DARLINGTON, S.C. -- Darlington Raceway's long-term prospects just got brighter.
Track officials say they've gotten go-ahead to install a lighting system that would be ready for testing by early fall 2004. An official announcement is expected Thursday.
"This just adds to the long list of exciting announcements made by Darlington this summer," track president Andrew Gurtis told The Associated Press by phone Wednesday.
Two months ago, the "Track Too Tough To Tame," found out it was losing its Labor Day weekend date for the Southern 500 in realignment to California Speedway. But the 53-year-old facility retained two NASCAR race weekends on next year's schedule.
Last month, the track rechristened its expanded its museum and National Motorsports Press Association Hall of Fame.
"It's been a busy summer," Gurtis said. "But all of them are just a testament to Darlington's position in NASCAR" in the future.
Gurtis would not say if the 2004's fall race, scheduled for Nov. 14, would be the old country track's first night event. He would not talk about how much lighting the track now might cost or other details of the project.
"For about 12 months we're going to have a lot of construction workers running around, he said.
The idea for night racing at Darlington was first discussed publicly by NASCAR's chief spokesman - and then the raceway's president - Jim Hunter way back in 1999.

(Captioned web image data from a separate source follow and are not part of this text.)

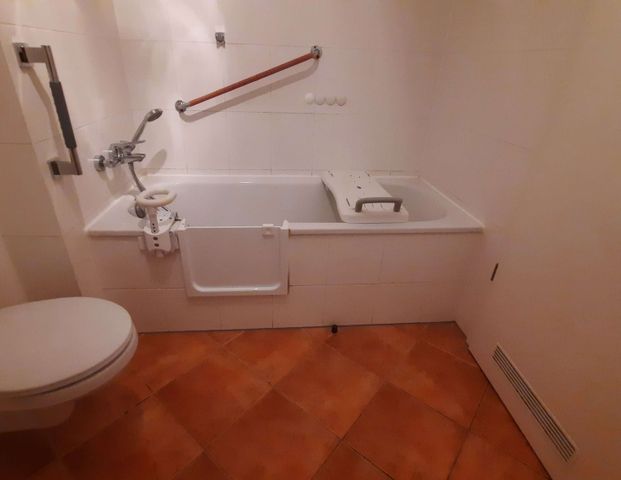 +++ Wanne mit Wannentür +++ 2 Zimmer Wohnung mit Balkon +++ - Foto 1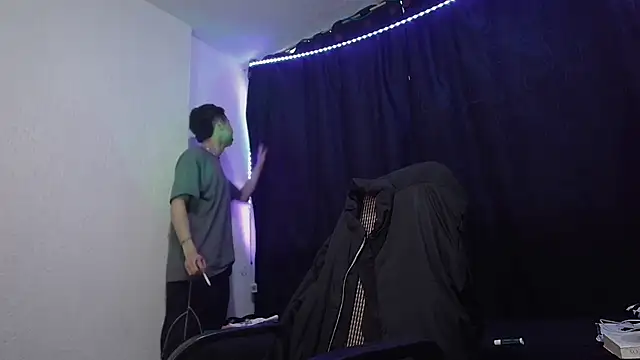 sexybat twink online show from 03.17.25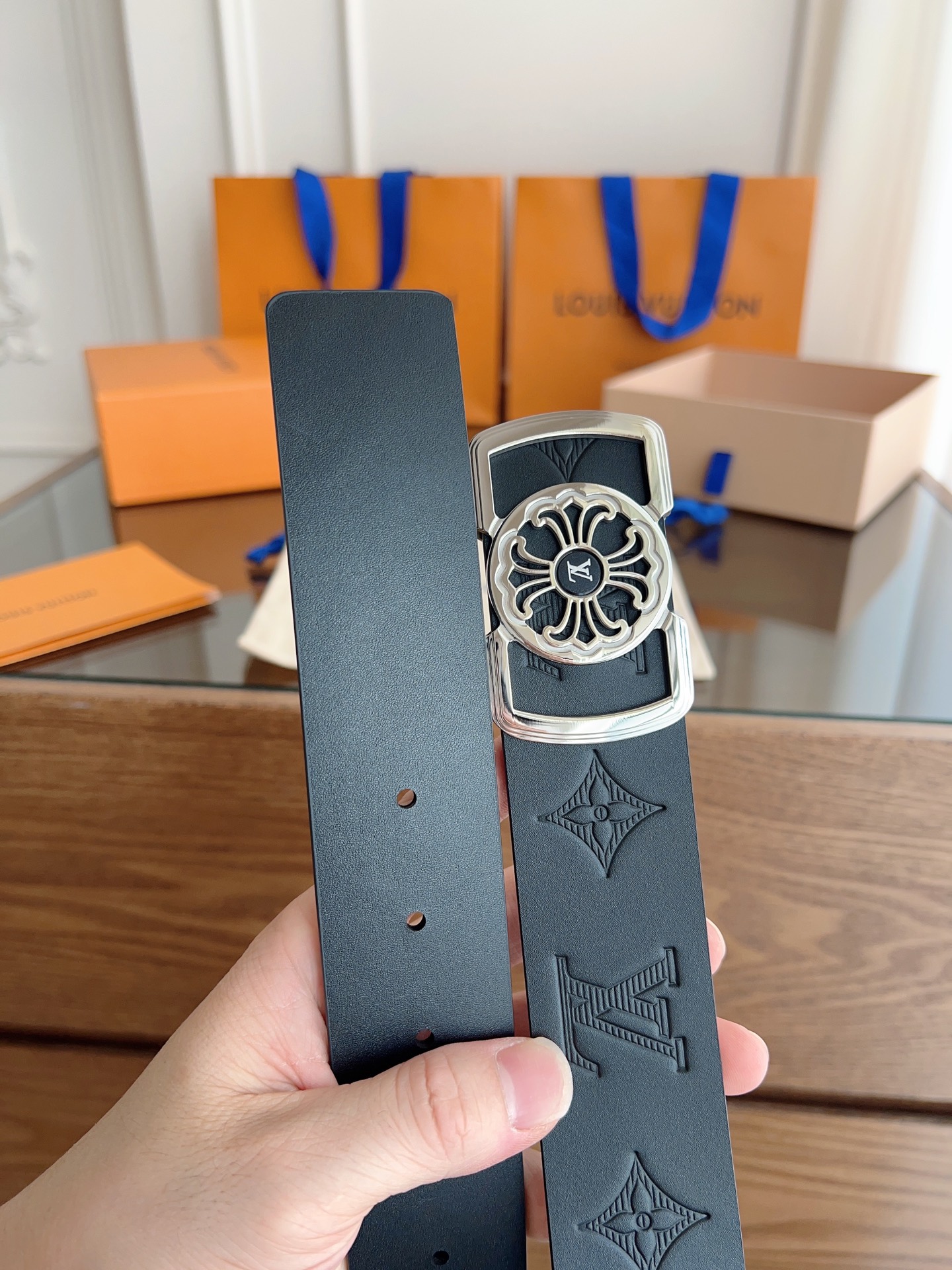 NO:336388,Louis Vuitton Original single product, width 3.8cm, double-sided head-layer presbyterian embossed soft leather. Double-sided available, fine workmanship, good quality. Buckle stainless steel buckle (gold silver) 100-125cm, belt, louis vuitton19860909路易威登 原单货品,宽度3.8cm 双面头层老花压纹 柔软皮料. 双面可用,精细做工,品质好货. 扣头不锈钢扣（金色 银色） 码数100-125cm,皮带,louis vuitton,Belt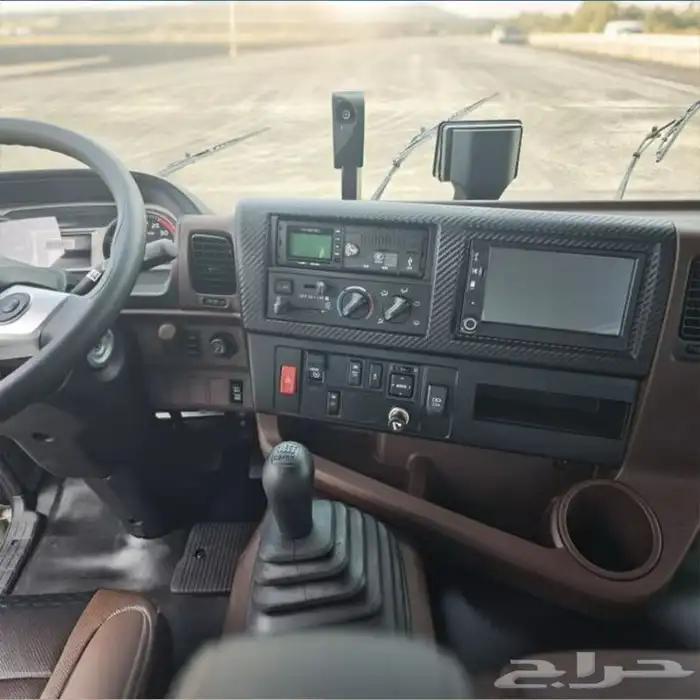 دينا هينو 700 موديل 2025 سكس 4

Hunter put a $2.9 million plan before track owner International Speedway Corp. to light up NASCAR's oldest speedway.
Hunter is thrilled his idea will finally see the light. He said from his Daytona Beach, Fla., office Wednesday evening that he told former NASCAR star David Pearson that one of his favorite tracks - Pearson is Darlington's all-time winner with 10 victories - was getting lights.
"Boy," Pearson told Hunter, "that's going to be something."
That's an understatement.
Darlington's 1.366-mile oval is one of the trickiest and nastiest on the circuit. It's misshapen corner coming out of turn two has long separated the best racers from the rest of the pack. It's no accident its biggest winners - Pearson, the late Dale Earnhardt (9 wins), Jeff Gordon (6) - have dominated the sport.
"As tough as it is in the daytime, it's going to be even tougher at night," Hunter said. "The whole atmosphere will change. It will really make a difference and make the races more exciting."
Darlington was called out by NASCAR chairman Bill France Jr. as a track whose two-race-a-year future was in question because of its troubled history of selling seats. Despite NASCAR's two stops there in 2004, there was no guarantee for anything beyond.
Could lights keep the track glowing two years from now?
"I don't think (International Speedway Corp.) would invest in the lights if they didn't think there was a future at Darlington," Hunter said. "I just hope the fans come out and support it."